■ **What this task involves**
Return the records exactly as they appear below, omitting the pictures.

■ **Dataset excerpts**
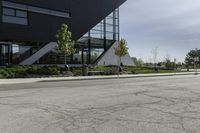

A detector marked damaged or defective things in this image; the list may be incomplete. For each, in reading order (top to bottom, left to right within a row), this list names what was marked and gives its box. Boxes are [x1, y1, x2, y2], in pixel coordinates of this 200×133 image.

cracked asphalt [0, 75, 200, 132]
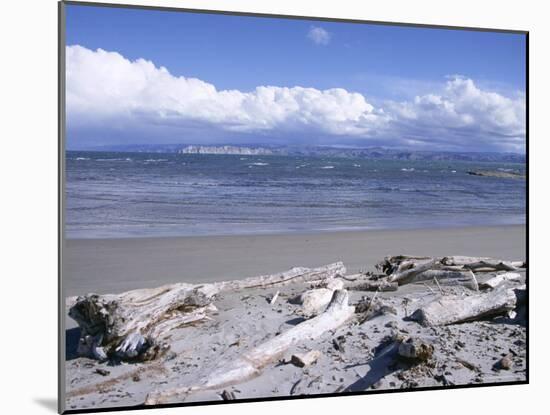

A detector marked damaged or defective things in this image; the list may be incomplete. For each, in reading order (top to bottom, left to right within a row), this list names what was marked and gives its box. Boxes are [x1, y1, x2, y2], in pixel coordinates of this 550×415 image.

broken timber piece [480, 272, 524, 290]
broken timber piece [414, 284, 528, 326]
broken timber piece [144, 290, 356, 404]
broken timber piece [288, 352, 324, 368]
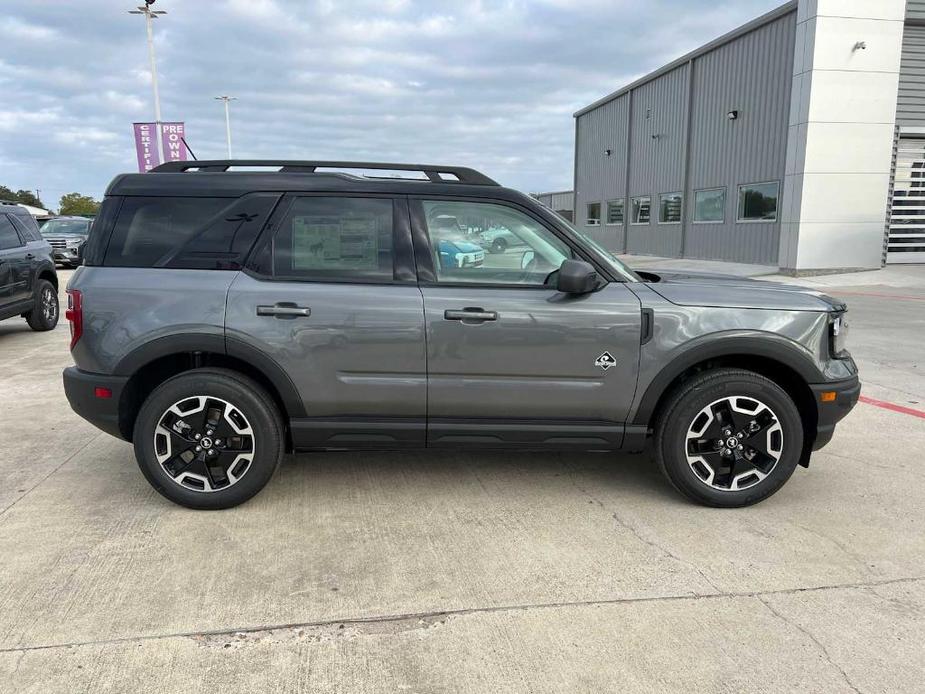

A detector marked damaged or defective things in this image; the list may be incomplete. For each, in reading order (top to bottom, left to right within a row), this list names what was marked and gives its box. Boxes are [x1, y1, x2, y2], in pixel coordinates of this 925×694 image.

■ **Output**
A detector marked damaged or defective things in this image; the list may be incomplete. For each, in reading order (top to bottom, left to right within a row), this list names what was marked and gives its box. Boxes are [x1, y1, x2, y2], in pixel coordinates of this 200×133 image.

cracked asphalt [0, 75, 200, 132]

A detector marked damaged or defective things in this image; the list may be incomplete. For each, in reading order (top to bottom, left to right within a row), this list names what was marked and gives its box. Boxes are [x1, y1, x2, y2], in pixel coordinates of this 550×415 image.

broken timber piece [480, 272, 524, 290]
broken timber piece [414, 284, 528, 326]
broken timber piece [144, 290, 356, 404]
broken timber piece [288, 352, 324, 368]

A detector marked damaged or defective things in this image; the list may be incomplete. For each, in reading order (top to bottom, left to right within a row), this list names what was marked and gives its box. Boxes are [x1, y1, x2, y2], in pixel coordinates of this 925×694 image.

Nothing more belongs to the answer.